**Brief**. Beginning with the line that has "655 Route 61, ORWIGSBURG, PA, 17961-2231" and ending with the line that has "Elite Roma apartament", retype the entries below exactly, except for the pictures.

**Study material**.

________________

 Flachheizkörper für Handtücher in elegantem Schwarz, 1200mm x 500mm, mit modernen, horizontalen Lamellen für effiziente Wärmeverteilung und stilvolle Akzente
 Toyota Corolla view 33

________________

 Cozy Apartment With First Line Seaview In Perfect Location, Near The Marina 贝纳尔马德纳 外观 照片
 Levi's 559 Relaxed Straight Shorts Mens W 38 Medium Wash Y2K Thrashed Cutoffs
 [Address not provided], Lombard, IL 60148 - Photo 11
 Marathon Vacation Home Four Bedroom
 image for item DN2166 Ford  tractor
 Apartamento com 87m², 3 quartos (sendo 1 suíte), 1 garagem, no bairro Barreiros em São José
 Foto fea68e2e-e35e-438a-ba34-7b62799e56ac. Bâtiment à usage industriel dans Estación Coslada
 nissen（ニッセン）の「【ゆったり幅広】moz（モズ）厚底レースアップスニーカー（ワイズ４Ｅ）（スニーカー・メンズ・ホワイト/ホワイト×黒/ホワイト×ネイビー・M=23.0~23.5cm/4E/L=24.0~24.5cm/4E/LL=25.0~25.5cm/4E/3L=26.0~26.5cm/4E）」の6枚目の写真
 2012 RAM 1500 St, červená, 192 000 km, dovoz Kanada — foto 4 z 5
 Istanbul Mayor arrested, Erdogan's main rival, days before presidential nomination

________________

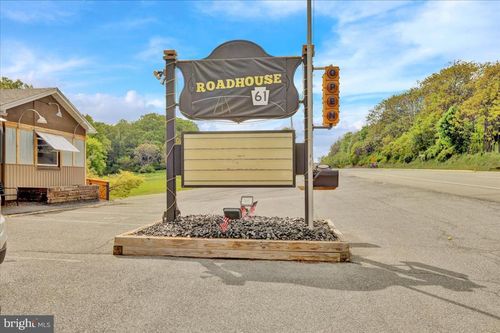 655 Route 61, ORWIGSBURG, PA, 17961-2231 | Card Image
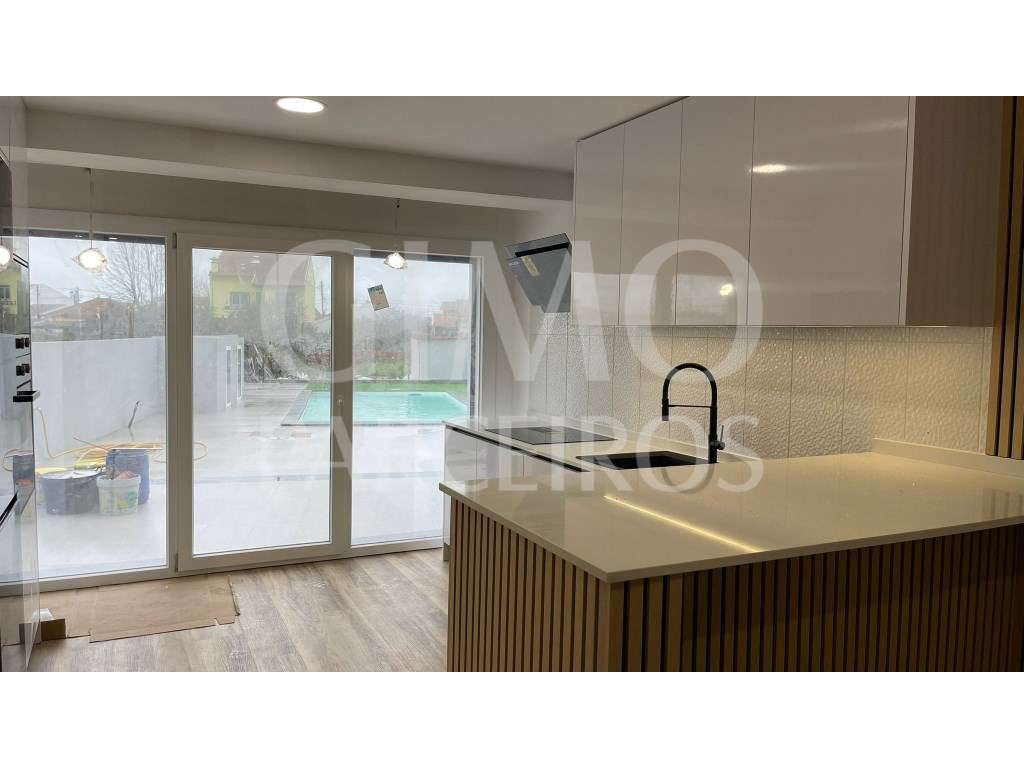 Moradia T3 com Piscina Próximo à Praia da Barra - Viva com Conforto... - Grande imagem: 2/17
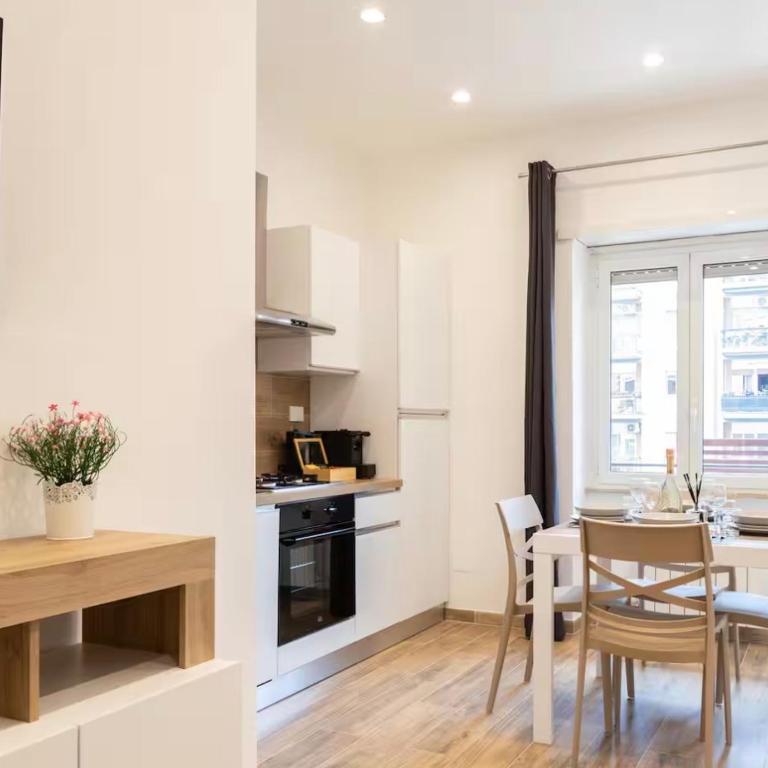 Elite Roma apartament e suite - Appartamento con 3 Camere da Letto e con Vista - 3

________________

**Answer to the problem**.
 655 Route 61, ORWIGSBURG, PA, 17961-2231 | Card Image
 Moradia T3 com Piscina Próximo à Praia da Barra - Viva com Conforto... - Grande imagem: 2/17
 Elite Roma apartament e suite - Appartamento con 3 Camere da Letto e con Vista - 3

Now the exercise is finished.